About this detail of the Tiger
The main gun of the Tiger was held in a box-like steel cradle. This item is missing from the Hachette kit. In this blogger's photo the area to left of center, with the three large white tubes, is where the cradle should be.
The cradle was bolted to the back of the mantlet. This overall plan of the turret shows the it. The gun could slide backwards through this cradle to absorb recoil forces. The cylinders on each side of the gun tube were the hydraulic recuperator and its fluid reservoir.
A useful diagram is posted at one35th.com showing the cradle in perspective.
This badly-scanned German diagram shows the cradle from above. It has a box shape. The front and rear consist of flat steel plates, 25mm thick, with holes for the gun and the other 2 cylinders.

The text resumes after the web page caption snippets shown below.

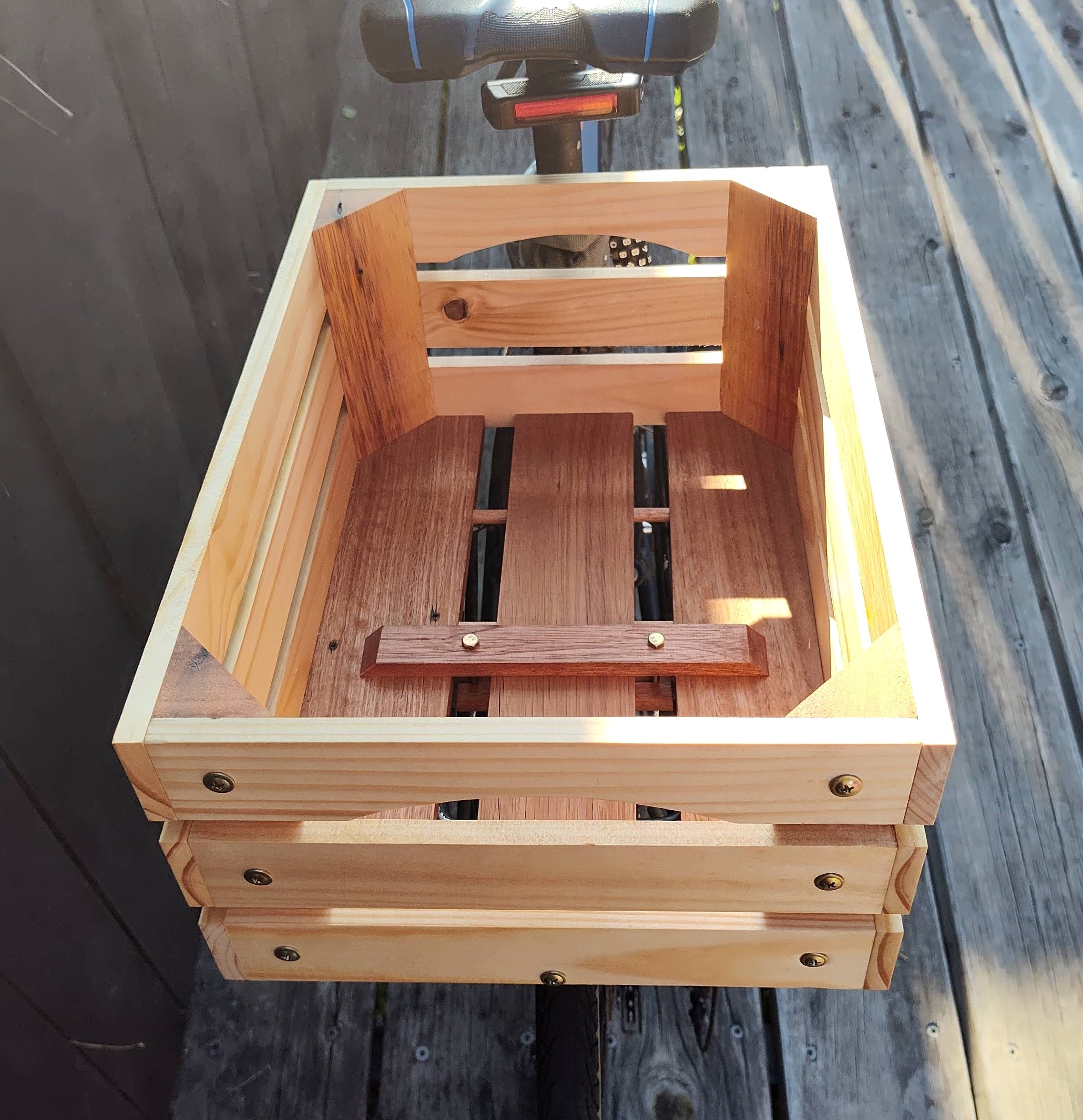 Crate For Bike Rack Wooden Bike Crate - Etsy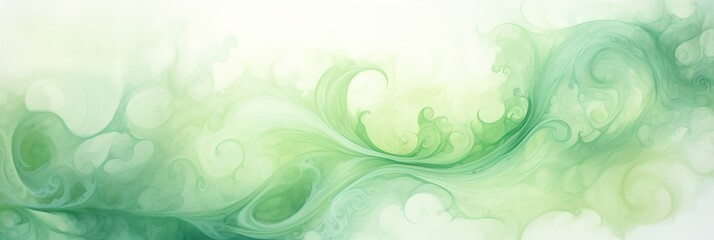 Fototapeta na wymiar banner pastel watercolor green smoke abstract solid background, Abstract geometric form liquid splatter texture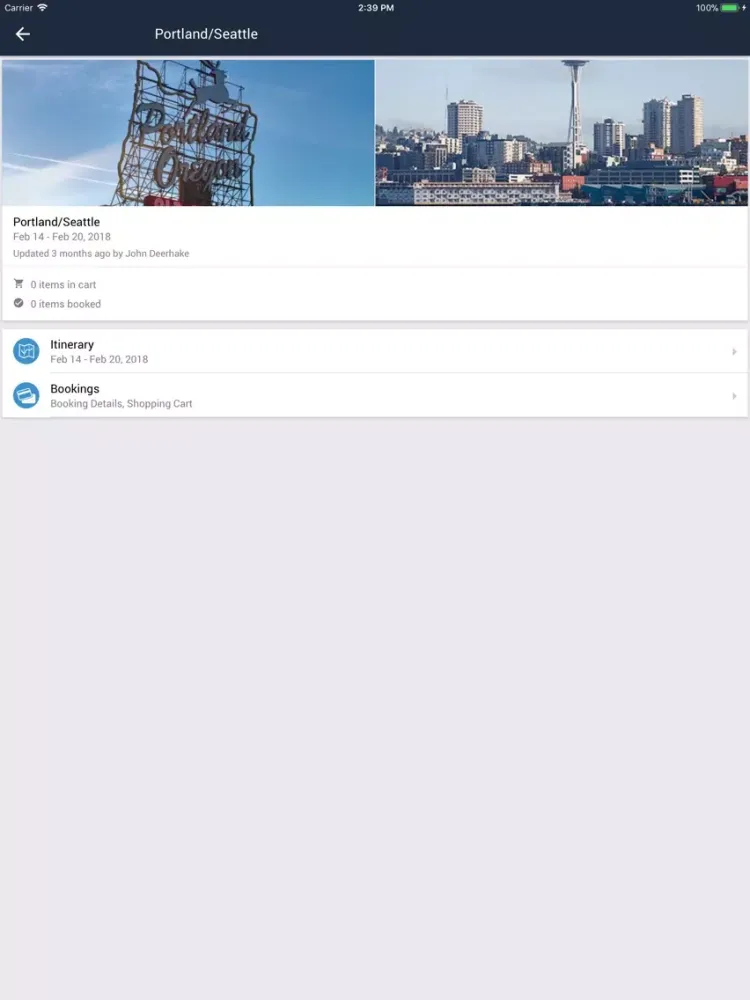 TRAVO iPad  Ekran Görüntüleri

This is the bottom of the cradle, looking forward. At the bottom of the photo you can see the same 4 large bolts from the diagram. The body of the cradle was formed by a large sleeve (280mm diameter) that surrounded the movable gun barrel, and four thin steel plates that added strength to the structure. The bottom surface consists of the plates combined with the sleeve; refer to the diagram.
The overall structure is easier to see in this photo. Again, we can see the front wall, and relate it to the diagram.
On top of the cradle, there were 3 welded bases, 2 vertical fins and 2 long slots; see the German diagram above. These were all leftovers from earlier versions of the Tiger, when sealing equipment was installed there for underwater travel. They remained there because nobody took the time to erase them from the various factory drawings.
In the Hachette Tiger Tank, the front and rear walls of the cradle are misshapen; the top and bottom surfaces, and the gun sleeve, are missing. Refer to this blog photo. You could improve accuracy by building these parts.